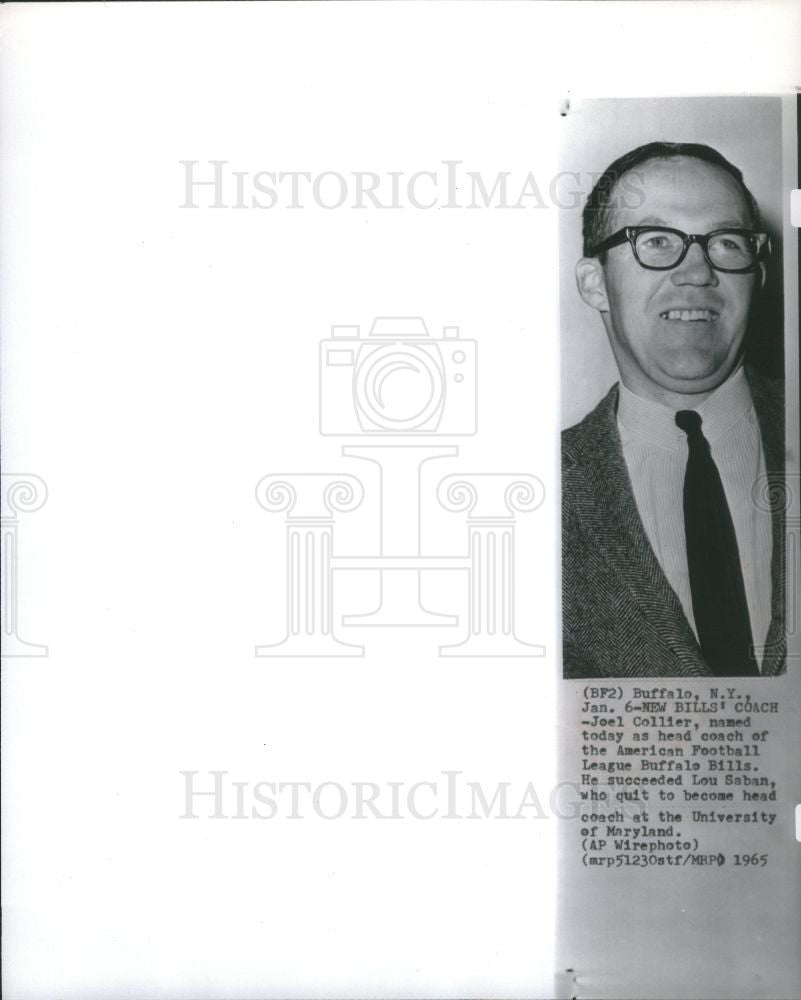 1966 Press Photo Joel Collier football coach - Historic Images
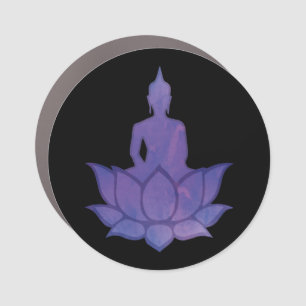 Buddha on Lotus Purple Car Magnet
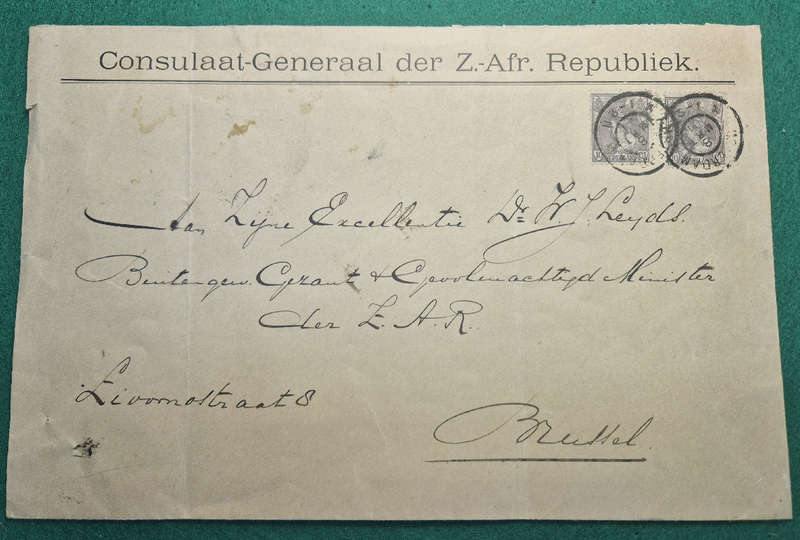 ZAR 1901 - Consulaat - General der ZAR cover - Nederland 10c x 2 - Con circular label affixed back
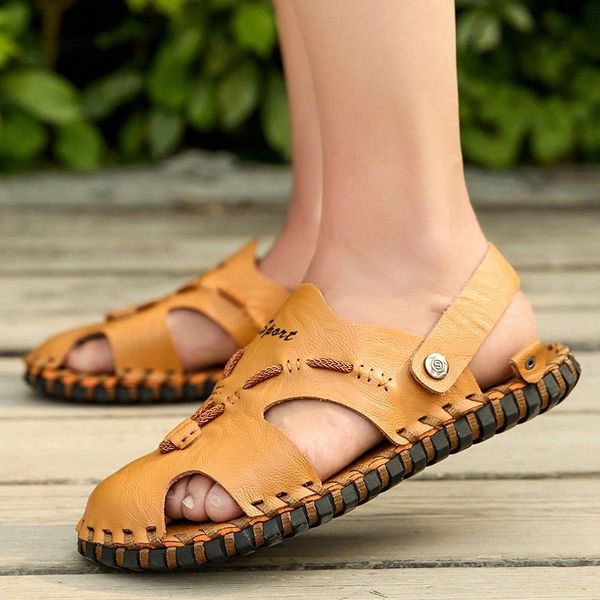 

fashion summer men sandals men leather shoes casual sandalias handmade sewing outdoor men beach shoes design men's sandals #ih6h, Black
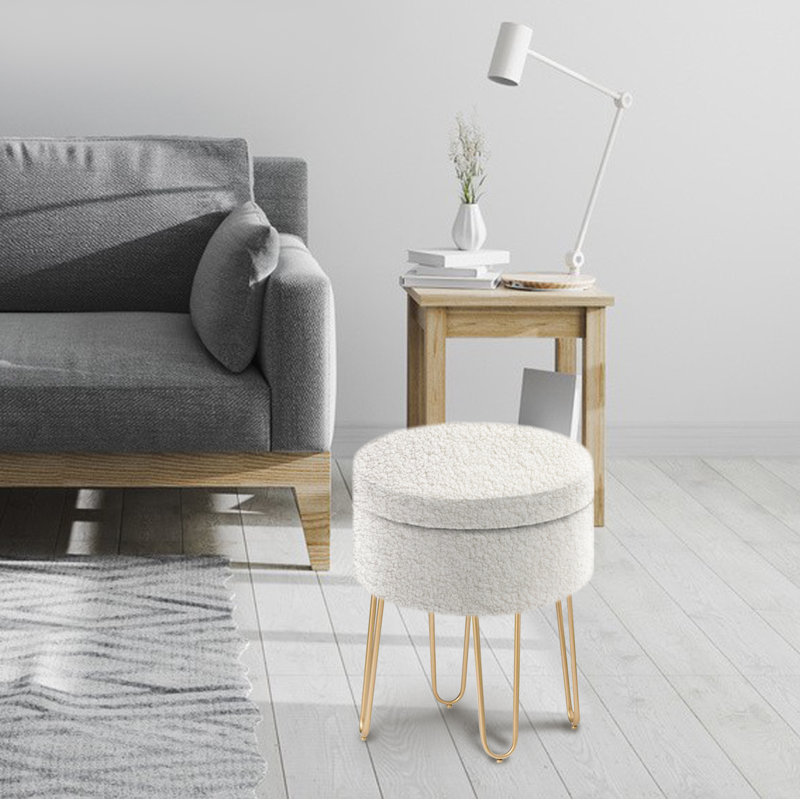 Velvet Ottoman, White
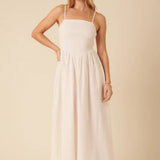 Nobody's Child Stone Ruched Drop Waist Imogen Midi Dress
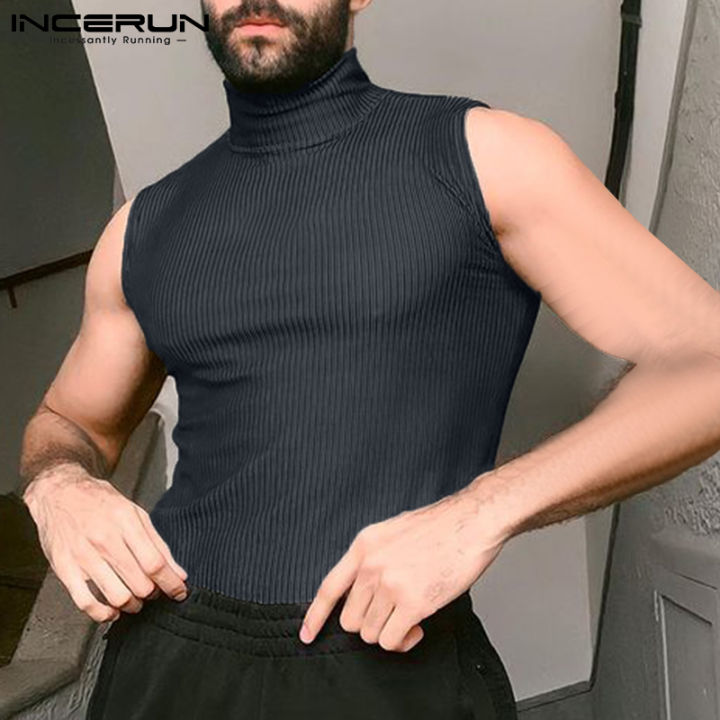 incerun-เสื้อถักแขนกุดคอสูงของผู้ชาย-เสื้อเบลาส์ฟิตกล้ามเนื้อสำหรับใส่ไปยิมสไตล์ตะวันตก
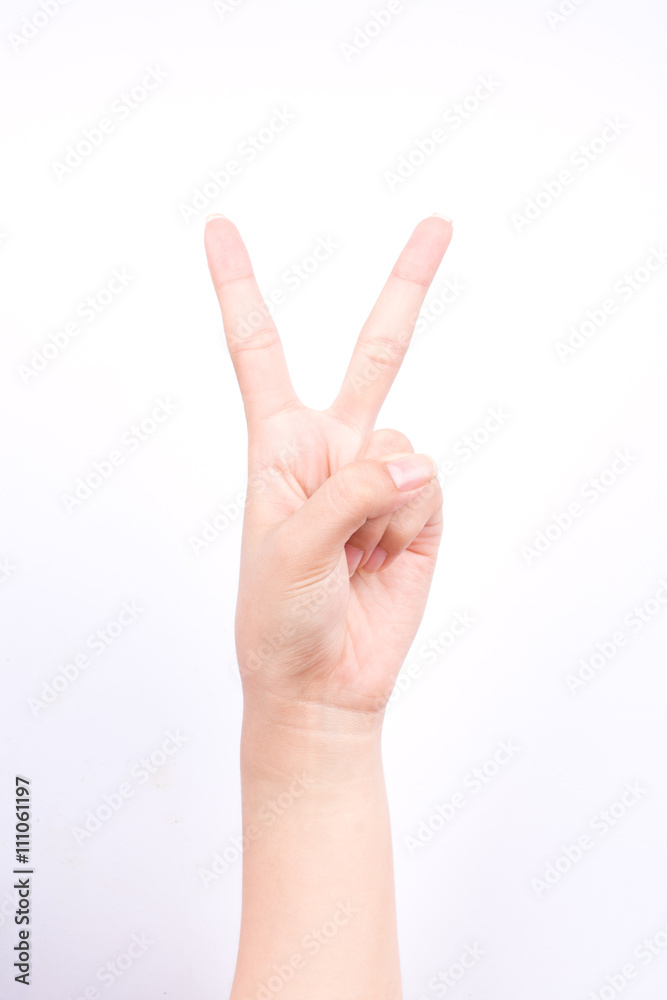 finger hand symbols isolated concept two points lesson learn teaching and victory sign on the white background finger hand symbols isolated concept two points lesson learn teaching and victory sign on the white background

┄┄┄┄┄┄┄┄┄┄┄┄┄┄┄┄┄┄┄┄

## Exercise details
All lines from the beginning of the material through the line that holds "fashion summer men", both included, should be returned exactly; please omit any pictures and add no other lines.

## Written solution
 1966 Press Photo Joel Collier football coach - Historic Images
 Buddha on Lotus Purple Car Magnet
 ZAR 1901 - Consulaat - General der ZAR cover - Nederland 10c x 2 - Con circular label affixed back

fashion summer men sandals men leather shoes casual sandalias handmade sewing outdoor men beach shoes design men's sandals #ih6h, Black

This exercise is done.